All the deans of the Jews met a tragic end, and Benjamin Murmelstein is the only one of them to have remained alive, which makes his testimony infinitely precious. He doesn't lie, he's ironic, sardonic, hard on others and himself. Thinking of the title of André Schwarz-Bart's masterpiece, Le dernier des Justes, he calls himself "The last of the unjust". So it was he who gave his title to the film that is the source of this book. Before our interviews in 1975, he wrote a book in Italian entitled Terezin ,il ghetto-modello di Eichmann (Theresienstadt, Eichmann's model ghetto), published in 1961. The tone of the book and the interviews is very different: the book portrays the victims and their appalling suffering with fraternal compassion and a true writer's gift, whereas in our interviews Murmelstein presents his own defense.

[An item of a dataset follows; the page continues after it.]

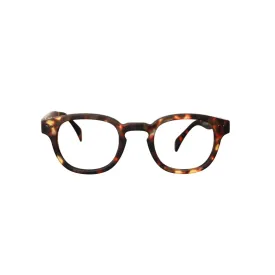IZIPIZI Reading Shape #C  1.5 Tortoise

When he first appears in the film, it's 1943, when a "transport" of German Jews from Hamburg arrives, the Nazis having decided to make Germany judenrein (purged of its Jews) and deport to Theresienstadt those whose status had hitherto allowed them to remain at home, even in the worst conditions. But since 1941, Theresienstadt had been populated mainly by Czech and Austrian Jews. Thanks to the former, members of the technical office responsible for drawing up construction plans and outstanding draughtsmen, we have an extraordinary collection of works of art that bear witness to what life was really like in the "model ghetto": built to house 7,000 soldiers at most, Theresienstadt absorbed 50,000 Jews at peak times. Most of these genius painters and draughtsmen, who would rise in the dead of night to clandestinely produce their work and bury it deep in the earth, were murdered in the gas chambers of the extermination camps. But their names are forever inscribed in our memories. Those of the great musicians, actors, writers and directors who passed through Theresienstadt before dying further east too. A final word: Benjamin Murmelstein, appointed by Eichmann to organize the forced emigration of Austrian Jews from Vienna from summer 1938 until the outbreak of war, succeeded in removing more than 120,000 of them.